● DATA EXTRACTS:
○ ○ ○

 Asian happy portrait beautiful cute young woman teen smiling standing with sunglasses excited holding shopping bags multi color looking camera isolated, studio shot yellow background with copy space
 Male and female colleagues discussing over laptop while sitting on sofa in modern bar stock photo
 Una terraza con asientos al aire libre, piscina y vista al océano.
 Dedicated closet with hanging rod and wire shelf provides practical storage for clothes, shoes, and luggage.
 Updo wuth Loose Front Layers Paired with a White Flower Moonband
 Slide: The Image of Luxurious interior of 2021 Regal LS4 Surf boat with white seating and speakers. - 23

○ ○ ○

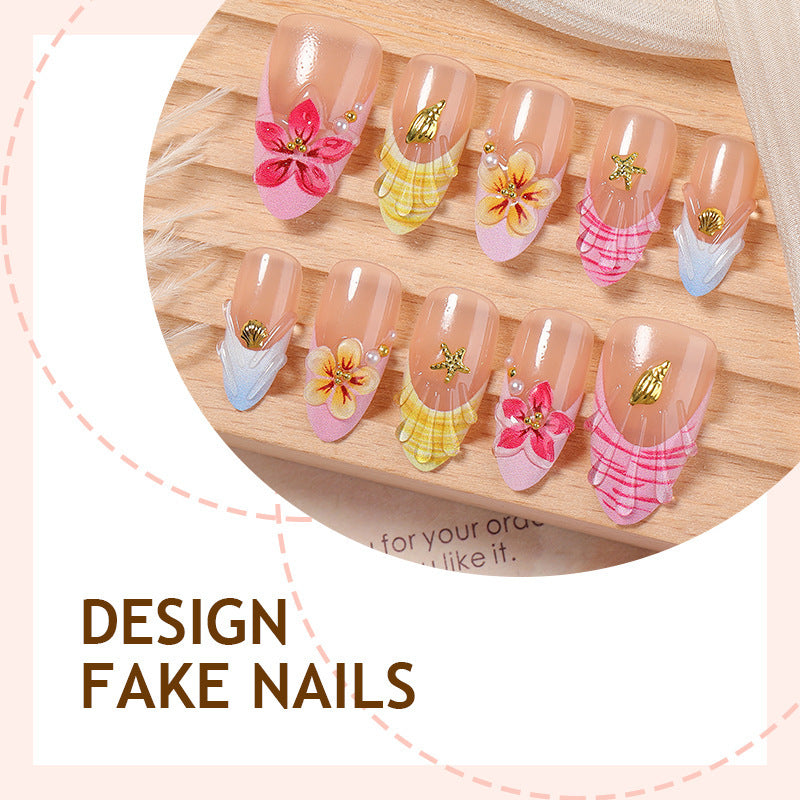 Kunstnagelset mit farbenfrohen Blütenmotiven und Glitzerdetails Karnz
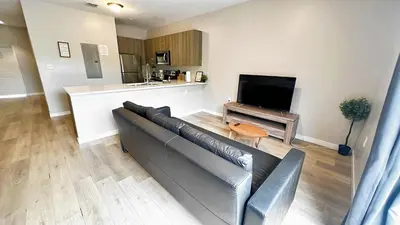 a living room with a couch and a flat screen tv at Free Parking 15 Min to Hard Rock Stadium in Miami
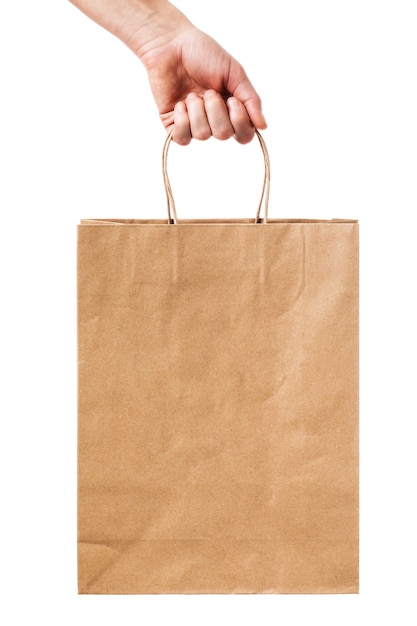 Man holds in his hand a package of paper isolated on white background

○ ○ ○

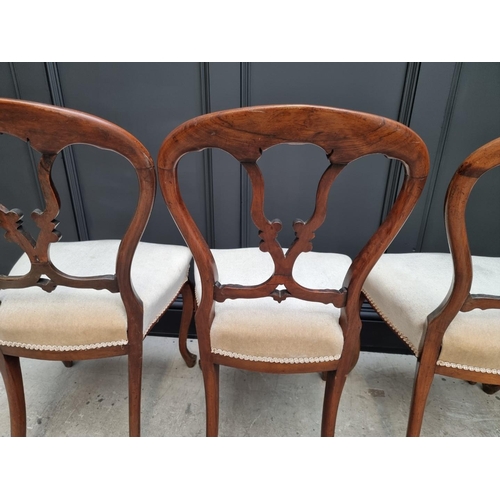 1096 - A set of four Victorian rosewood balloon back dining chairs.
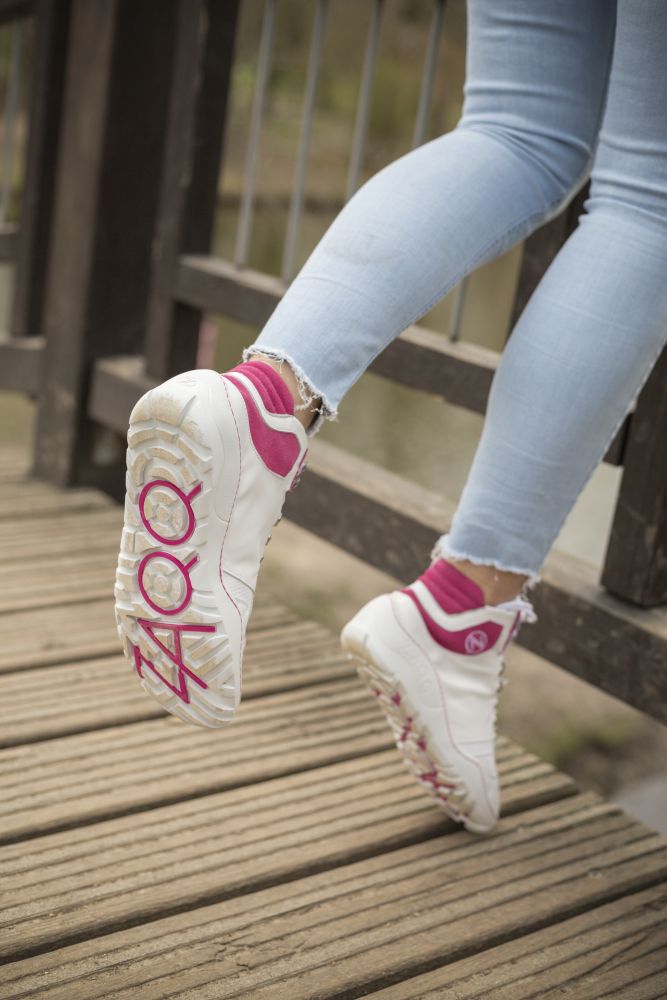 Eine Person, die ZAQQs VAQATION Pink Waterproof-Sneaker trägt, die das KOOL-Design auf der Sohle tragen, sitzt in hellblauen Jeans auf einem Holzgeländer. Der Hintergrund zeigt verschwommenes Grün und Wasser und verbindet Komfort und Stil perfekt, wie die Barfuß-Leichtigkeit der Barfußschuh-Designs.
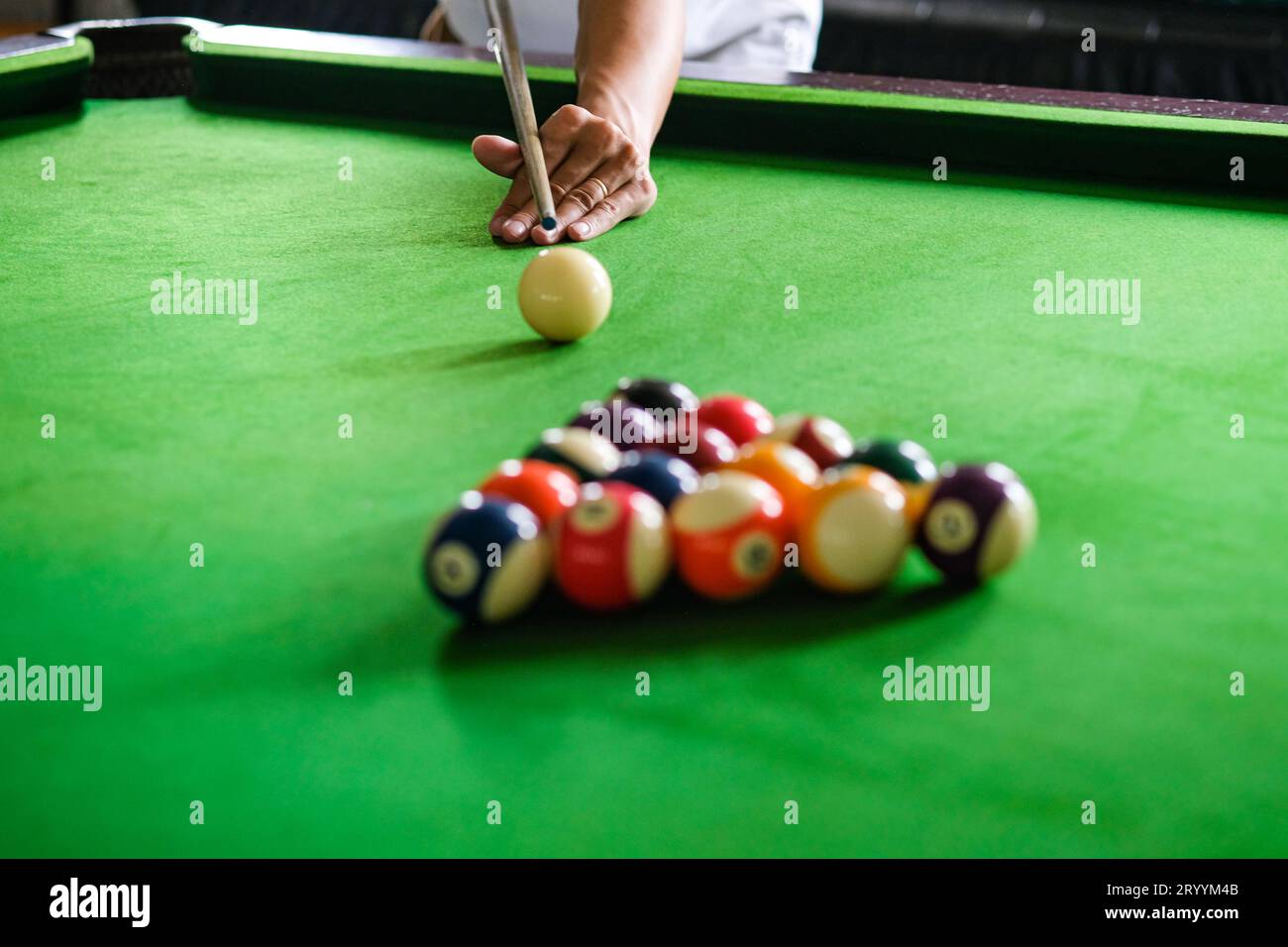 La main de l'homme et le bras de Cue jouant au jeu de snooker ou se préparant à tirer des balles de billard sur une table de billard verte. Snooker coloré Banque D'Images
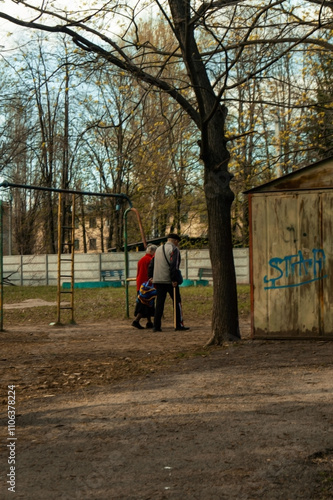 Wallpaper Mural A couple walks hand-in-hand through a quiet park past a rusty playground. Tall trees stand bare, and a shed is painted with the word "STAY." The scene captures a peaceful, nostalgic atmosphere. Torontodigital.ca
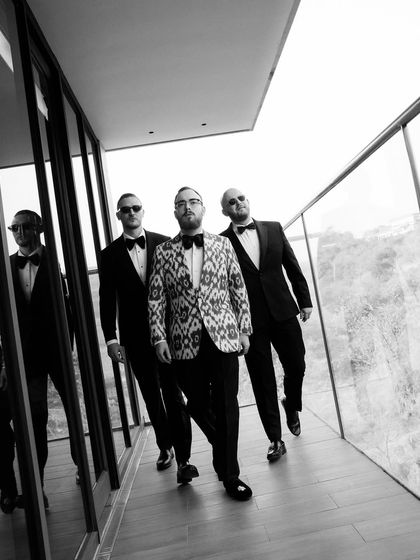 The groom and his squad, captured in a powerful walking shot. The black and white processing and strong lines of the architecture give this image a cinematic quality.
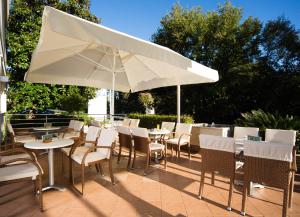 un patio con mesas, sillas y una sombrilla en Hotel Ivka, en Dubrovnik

○ ○ ○

● EXERCISE REQUIREMENTS:
Among the entries above, find the line with "Asian happy portrait" and the line with "Dedicated closet with"; give again exactly these two lines and all lines between them.

● TASK RESULT:
 Asian happy portrait beautiful cute young woman teen smiling standing with sunglasses excited holding shopping bags multi color looking camera isolated, studio shot yellow background with copy space
 Male and female colleagues discussing over laptop while sitting on sofa in modern bar stock photo
 Una terraza con asientos al aire libre, piscina y vista al océano.
 Dedicated closet with hanging rod and wire shelf provides practical storage for clothes, shoes, and luggage.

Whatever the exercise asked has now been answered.